The Canada Southern Railway was chartered in 1869 to build a railway from Fort Erie, Ontario to Amherstburg, Ontario. The first trains operated over the entire length by mid-1873. By the turn of the century, three American railways had competing lines on the north shore, all running through St. Thomas and all requiring substantial trestles over the Kettle Creek valley. The most significant of the trestles was that of the Canada Southern Railway.
The first trestle was a single track, made of timber with a length of 1,366 feet and a height of 92 feet. Work was started in September 1871 and was completed in less than five months. It consisted of 762ft. of trestle work and fourteen spans of timber trusses totaling 640 ft. The contractor was Dunn, Holmes, and Moore. The bridge was featured in the US publication Scientific American in the February 22, 1873 issue.

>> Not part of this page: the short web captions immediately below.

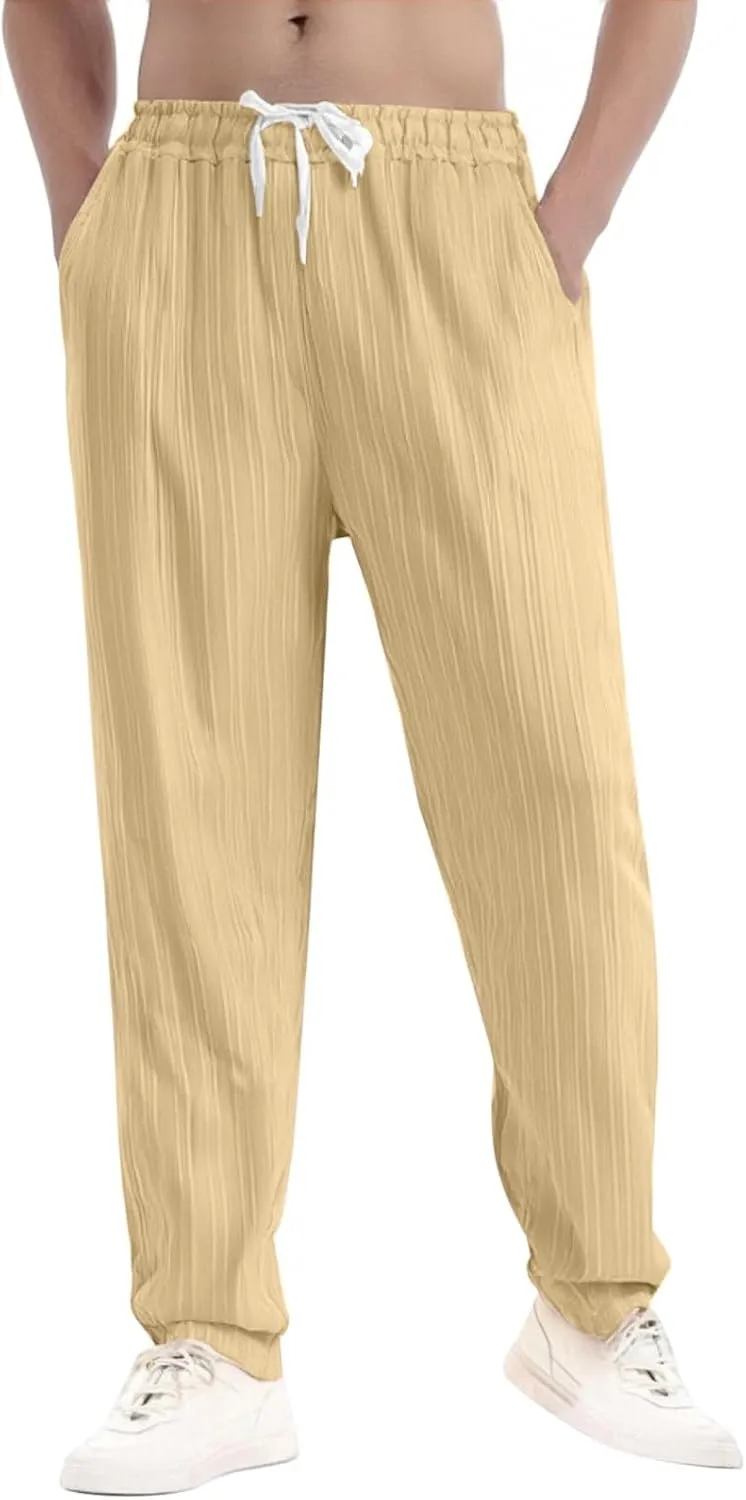 Mens Pants Casual Loose Fit Trendy Straight-Leg Elastic-Waisted Work Pant Outdoor Relax Fit Breathable Basic Outfits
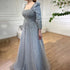 Serene Hill Arabic Grey A Line Elegant Beaded Luxury Evening Dresses Gowns Puffy Shoulder For Women Wedding Party 2025 LA71368 - SERENE HILL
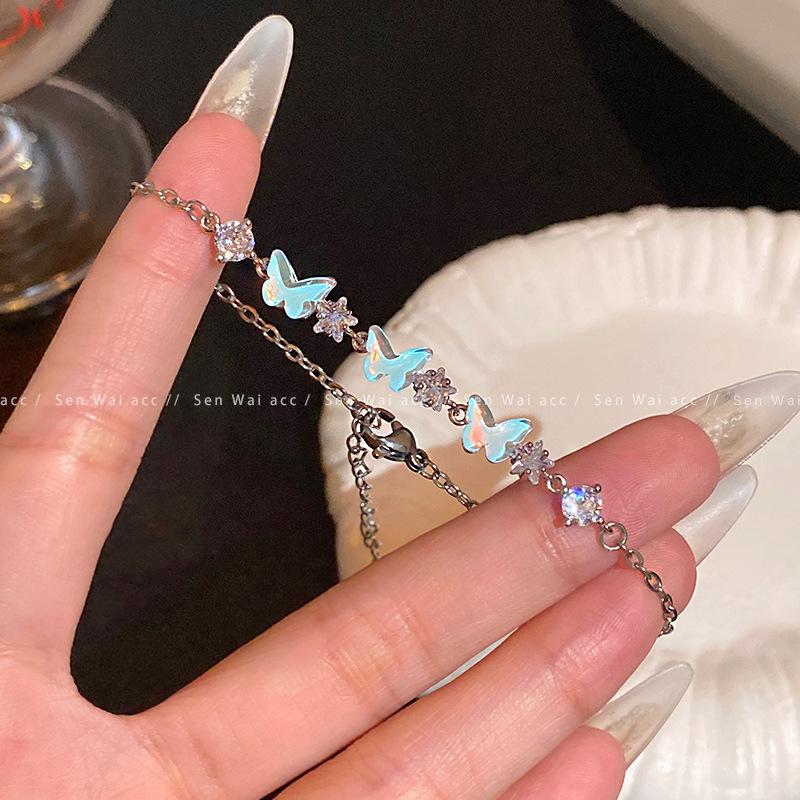 Korean super fairy zircon star butterfly bracelet women s light luxury temperament bracelet exquisite and sweet jewelry
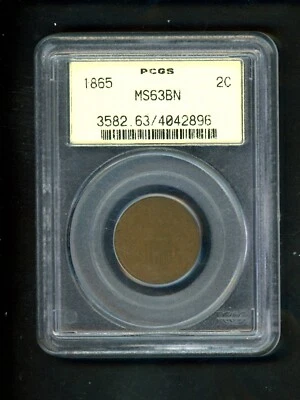1865 US Two Cent 2c .02 PCGS MS63 BN Civil War Dated Original spot free surfaces - Image 1 of 4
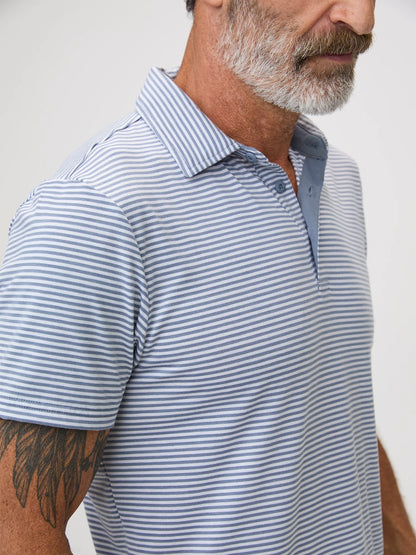 Wedgewood + White Striped Performance Cool Polo
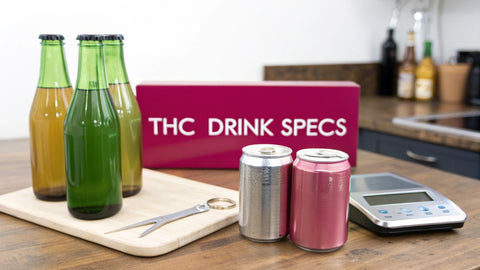 a table with various bottles and cans next to a pink sign reading 'THC Drink Specs'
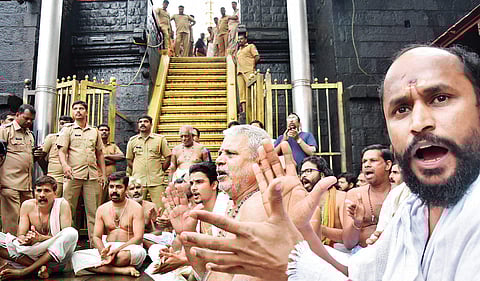 Priests protesting in front of the holy steps at Sabarimala temple against the visit of activist Rehana Fathima | B P Deepu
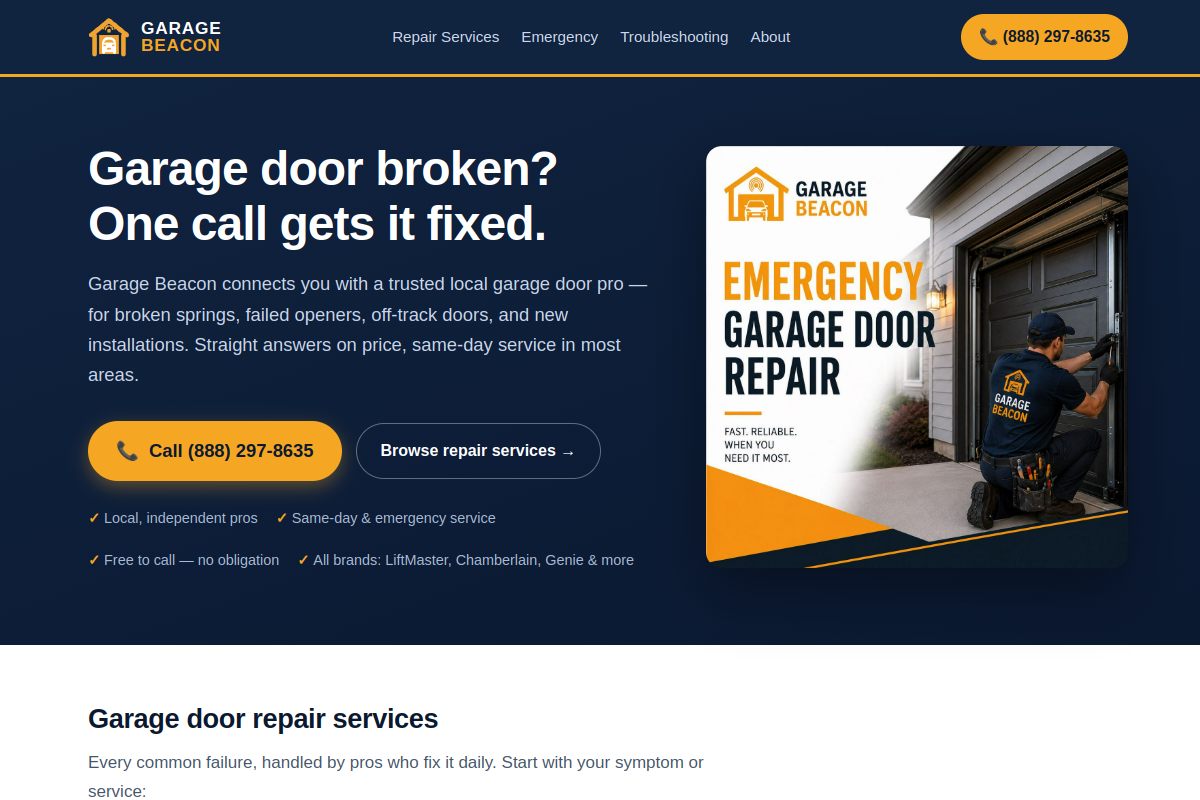 Garage Beacon website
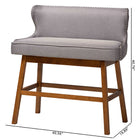 Baxton Studio Gradisca Modern and Contemporary Grey Fabric Button-tufted Upholstered Bar Bench Banquette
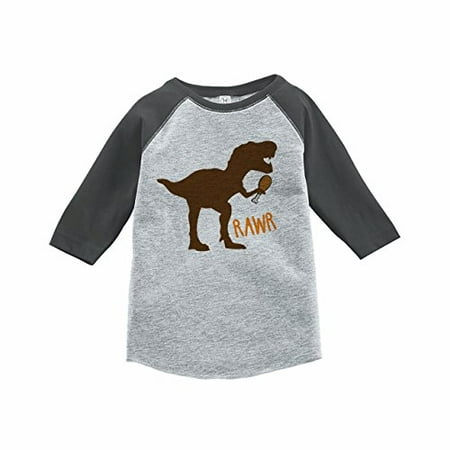 

7 ate 9 Apparel Kids Dinosaur Thanksgiving Grey Baseball Tee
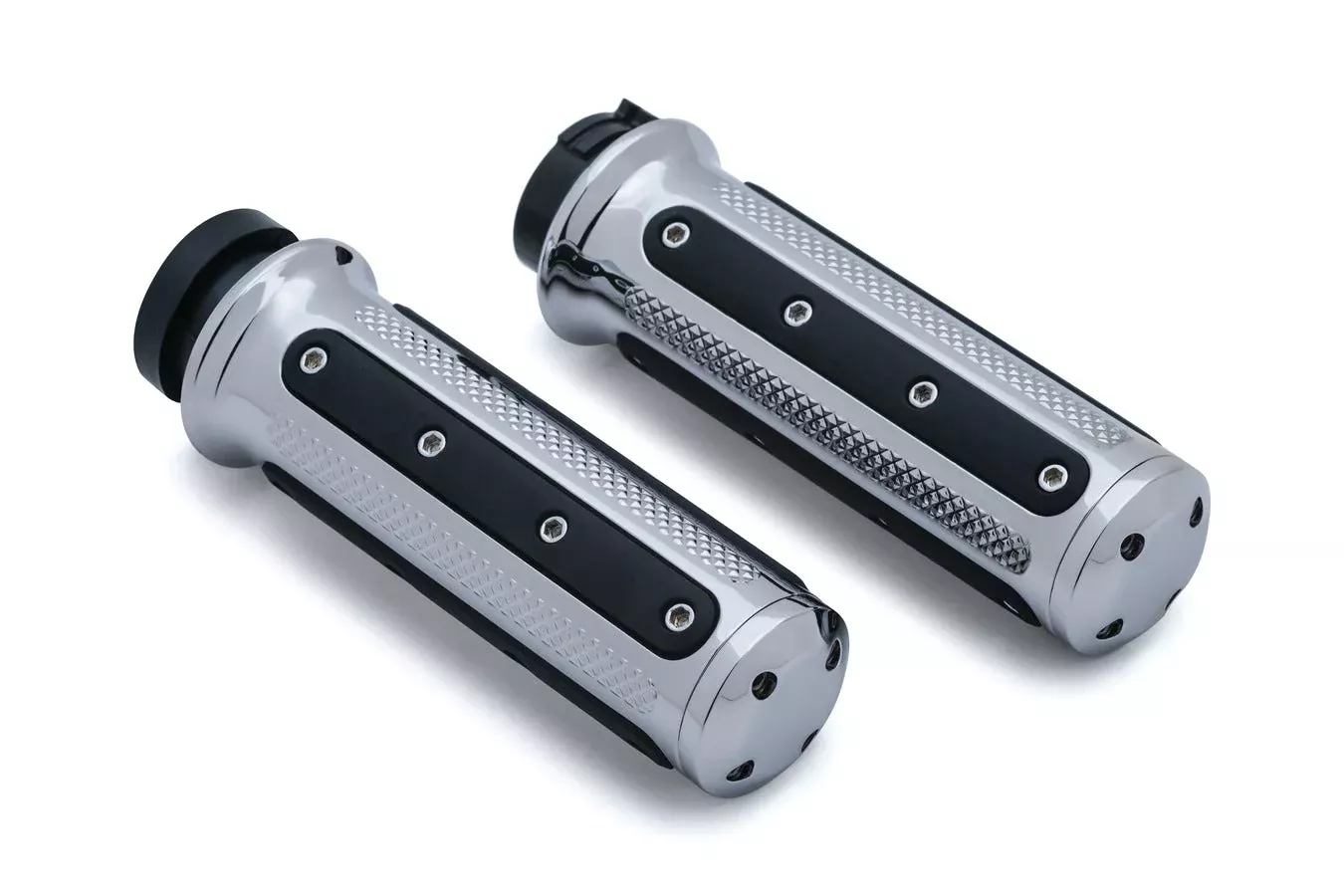Kuryakyn Chrome Heavy Industries Hand Grips for Harley w/ Cable Throttle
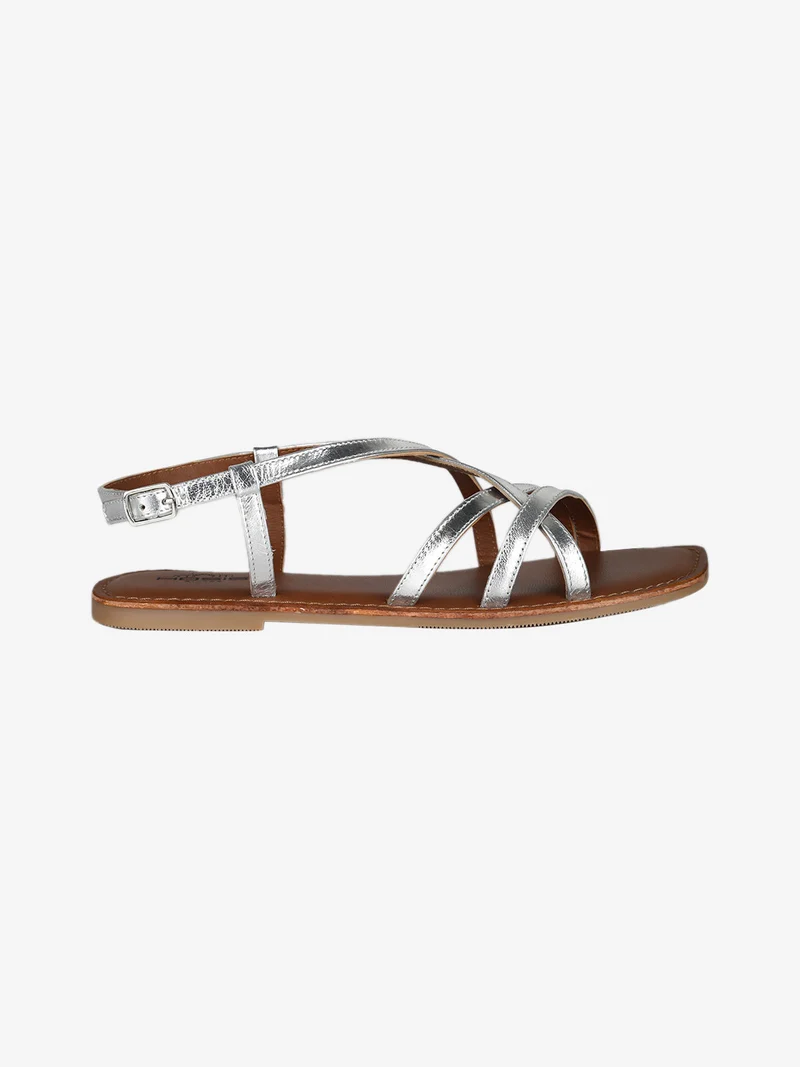Sandali donna in pelle con fascette intrecciate - argento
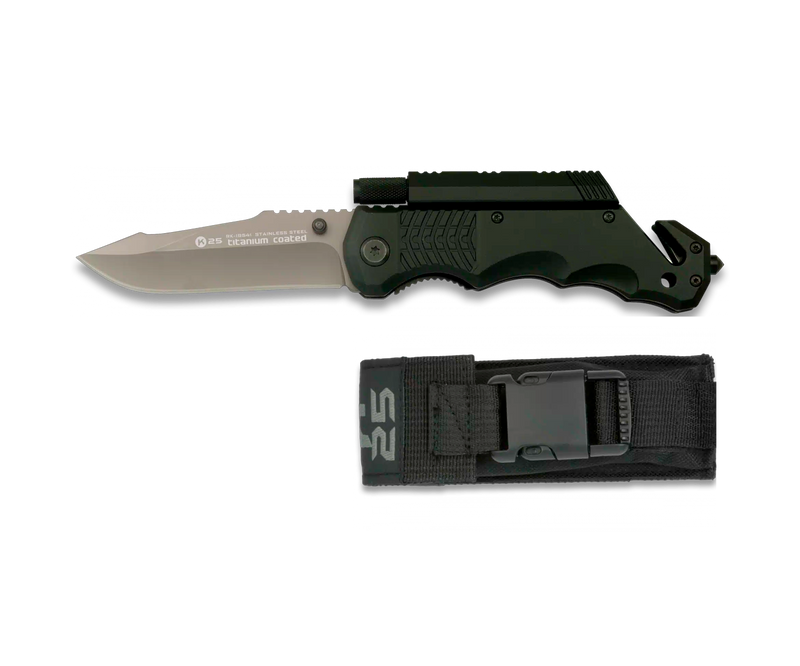 Couteau pliant tactique K25 lampe + silex K-25 Albainox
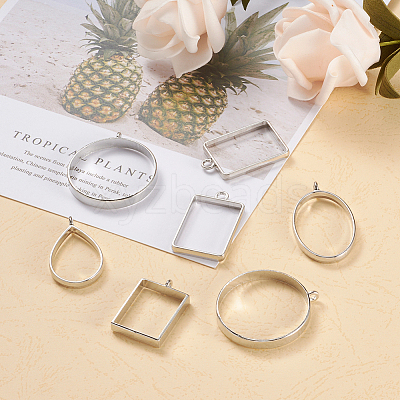 Alloy Open Back Bezel Big Pendants PALLOY-TA0001-26P-1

By 1883, the Canada Southern was being operated by the Michigan Central, a subsidiary of the New York Central. This shift in control resulted in heavier trains and increased traffic. A new bridge was required to withstand the new demands. The new bridge was a double track steel structure with a rail grad 6ft. higher than the old bridge. The new bridge was erected without disrupting traffic. The bridge was a deck plate girder type with 40 spans, a total of 1,396ft. in length and featured unusual 3 column bents. The bridge was built by the Detroit Bridge and Iron Works.
Still heavier traffic result in a new bridge erected in 1929. This bridge used the same grade and alignment as the second bridge with reinforced concrete piers, deck plate girders and a rock ballast surface. Trains were not disrupted during this reconstruction. A novel feature of the construction was the use of small narrow gauge railway suspended from the existing girders and running between the columns for the entire length of the bridge. The contractor was D.W. Thurston of Detroit.
In 1985, the CASO was sold to the Canadian National and Canadian Pacific Railways jointly. In 2013, the bridge was purchased by the On Track organization for redevelopment as an elevated park.
In June 2000, the bridge was designated a National Historic Civil Engineering Site by the Canadian Society for Civil Engineering.